Easy, Guilt-Free Buffalo Chicken & Blue Cheese—for Dinner!

Buffalo chicken wings are delicious. But they’re also fattening, messy and not really a meal you’d feel good about serving your family (not to mention a pain in the butt to make!). So we came up with a better way to get that buffalo deliciousness: Trade the wings for thighs, prep them in a slow cooker instead of frying them, and pair with an iceberg wedge topped with blue cheese. The result? All that buffalo & blue cheese flavor, less of the guilt.

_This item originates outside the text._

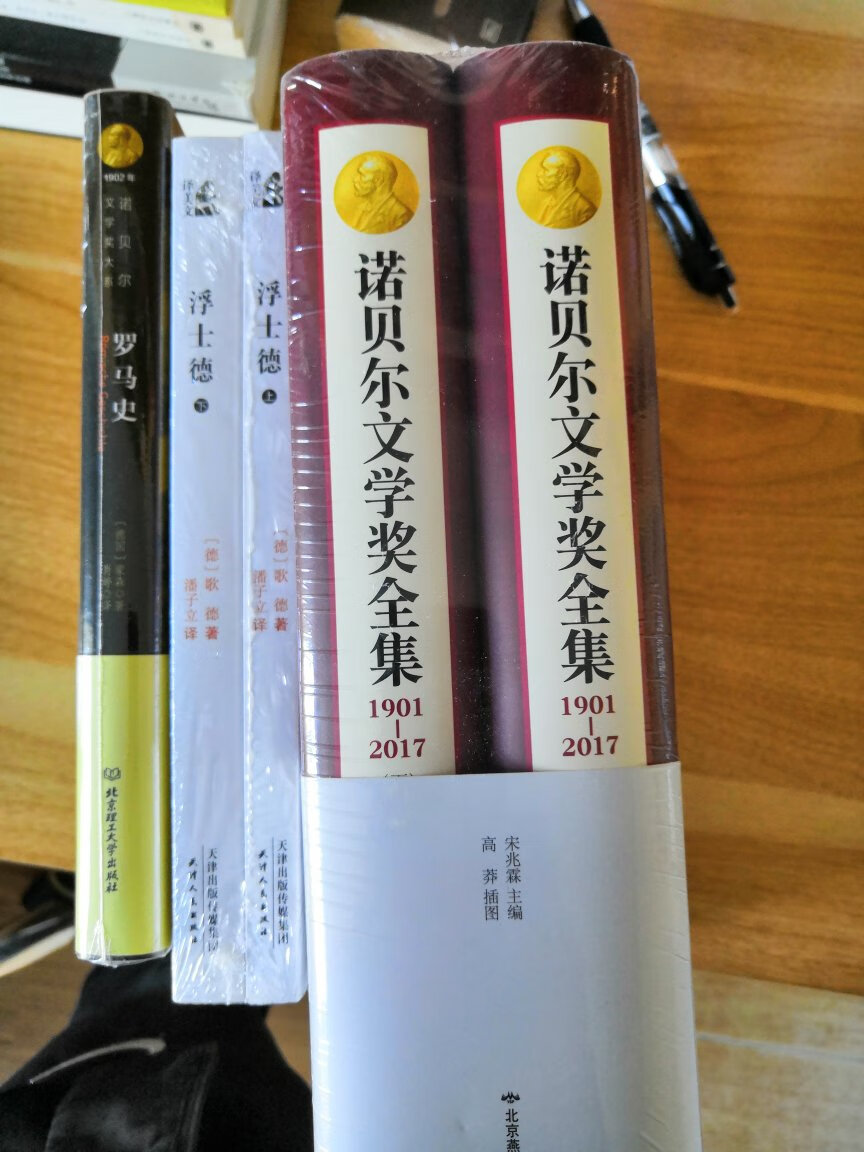 文学可以探求和教授的东西不多，却又无法取代，其中包括：注视身边的人和自己的方法，建立起个性化和普遍性事件之间的关系，使小的或者大的东西获得价值；考察自己的局限性、坏毛病，还有他人；找到生活中各种事物之间正确的关系，爱情在生命中的位置，它的力量与节奏；死亡的位置，以及应该如何去思考或者不去思考它；文学可以教会我们严厉、怜悯、悲伤、讽刺、幽默，以及另外一些类似的、必要的而又困难的东西。剩下的东西就要到别的地方去学习从科学、历史和生活中学习。          ——卡尔维诺《文学机器》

Buffalo Blue Cheese Chicken Thighs

Buffalo Chicken with Iceberg Wedge Salad

  • Serves 4
  • Prep Time: 00:15 minutes
  • Cook Time: 6 hours, inactive

For the chicken

  • 4 chicken legs (thigh and drumstick attached)
  • 4 tbsp unsalted butter (1/2 stick), melted
  • 1 tbsp dried oregano
  • 1 tbsp onion powder
  • 1 tbsp garlic powder
  • 2 tbsp soy sauce
  • ½ c hot sauce

For the salad

  • 1 head iceberg lettuce, outside leaves discarded
  • ½ c sour cream
  • ¼ c milk
  • ¼ c mayonnaise
  • salt and freshly ground pepper
  • ½ c blue cheese crumbles


  • In a slow cooker, combine the butter, dried oregano, onion powder, garlic powder, soy sauce, and hot sauce. Whisk together and then add the chicken. Make sure the chicken is evenly coated with the sauce and then cook on low for 6-8 hours.
  • When chicken is finished, prepare the salad. Whisk together the sour cream, milk, mayonnaise, salt and pepper and blue cheese crumbles. Taste and add more salt and pepper if needed. Cut the iceberg head into four wedges. Plate the wedges and drizzle with the blue cheese dressing. Serve with a chicken leg and enjoy.
  • Optional: When chicken is ready to serve, broil the chicken legs on a foil-lined baking sheet until skin crisps, about 2 minutes, watching and rotating the pan through the process.